The equilibrium constant (\( K_c \) expresses the ratio of the concentrations of products to reactants at equilibrium, each raised to the power of their stoichiometric coefficients in the balanced equation. For the reaction \( \text{CH}_4(g) + \text{H}_2O(g) \rightleftharpoons \text{CO}(g) + 3\text{H}_2(g) \), the equilibrium constant is given as \( K_c = \frac{[CO][H_2]^3}{[CH_4][H_2O]} \).
The value of \( K_c \) is a unitless number that provides insight into the position of the equilibrium; a larger \( K_c \) indicates a greater concentration of products, while a smaller \( K_c \) signifies a higher concentration of reactants.

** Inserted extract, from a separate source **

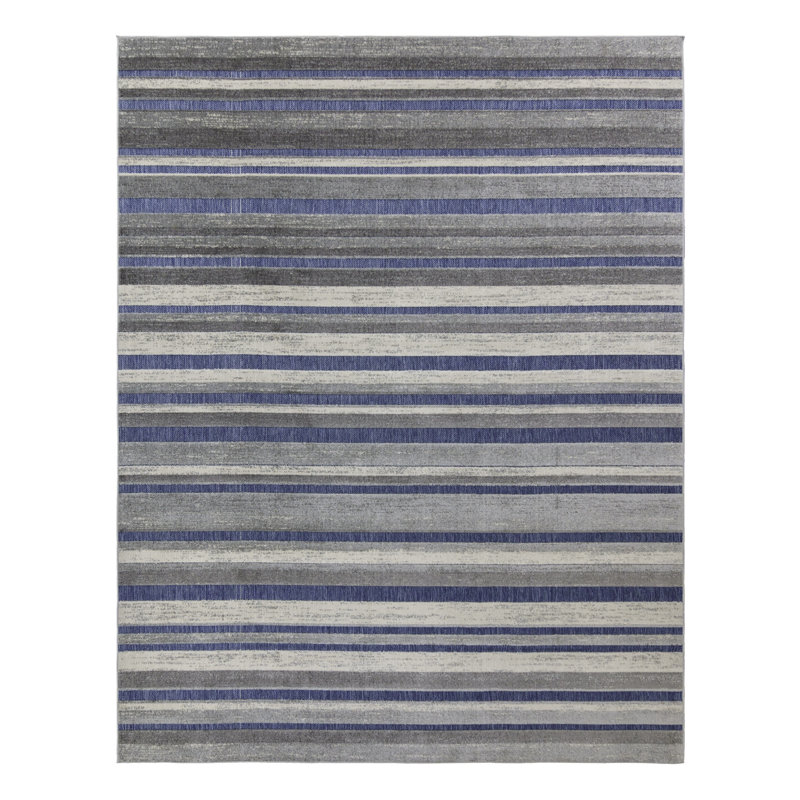 Tapis intérieur / extérieur tissé à plat à poils longs en polypropylène à rayures multicolores bleu marine Gétiquement Koro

It's crucial to understand that \( K_c \) does not change with changes in concentration or pressure, but it is temperature-dependent.
In the solved exercise, once the equilibrium concentrations for each substance are calculated, they are substituted into the \( K_c \) formula to determine the equilibrium constant for the reaction at 1000 K within a 5.00 L flask.

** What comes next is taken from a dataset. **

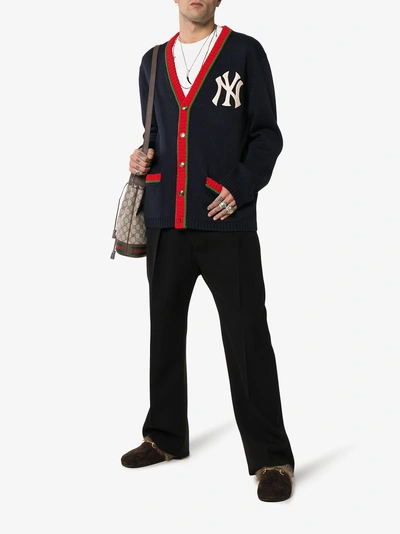 Shop Gucci Cardigan Mit Ny Yankees™-logo In Blue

The reaction quotient (\( K_p \) relates to the equilibrium constant, but it is used for gaseous reactions when we are interested in partial pressures instead of concentrations. The equation \( K_p = K_c(RT)^{\Delta n} \) incorporates the ideal gas law where \( R \) is the gas constant (\( 0.0821 \, \text{L \cdot atm} / \text{mol \cdot K} \)), \( T \) is the temperature in Kelvin, and \( \Delta n \) is the change in moles of gas between products and reactants.
When calculating \( K_p \) from \( K_c \) as shown in the exercise, it's important to accurately determine \( \Delta n \) from the balanced chemical equation. For every reaction, \( \Delta n \) takes into account the stoichiometry of the gaseous reactants and products, often leading to a different value than \( K_c \) due to the impact of temperature and the change in the number of moles of gas.

The mole concept is a fundamental pillar in chemistry, providing a bridge between the mass of substances and the number of particles. Avogadro's number (\( 6.022 \times 10^{23} \)) is the foundation for this concept, representing the number of atoms or molecules in one mole of a substance.
Understanding how to convert between grams and moles is crucial. This conversion involves using the molar mass, which is the mass in grams of one mole of a substance. In the worked example, determining the number of moles of each gas (\( \text{CO}, \text{H}_2, \text{CH}_4, \text{H}_2O \)) from their respective masses, using their molar masses, was the first step. This process is pivotal for further calculations related to equilibrium since reactions occur on a molecular level, and knowing the amounts in moles is necessary for stoichiometric calculations.

In a chemical equilibrium situation, the equilibrium concentrations represent the concentrations of reactants and products when the rates of the forward and reverse reactions are equal. These are the concentrations that remain constant over time at a given temperature and pressure.
To find these concentrations, like in the given problem, first calculate the number of moles for each species involved in the reaction. Then, using the volume of the reaction container, we can find the concentration (\( [C] = \frac{\text{moles}}{\text{volume}} \) in moles per liter). As demonstrated in the textbook solution, equilibrium concentrations are essential for calculating the equilibrium constant \( K_c \) as they represent the 'snapshot' of the reaction's dynamic balance point. These values are specifically important in predicting the direction of the reaction, and in designing chemical processes and experiments.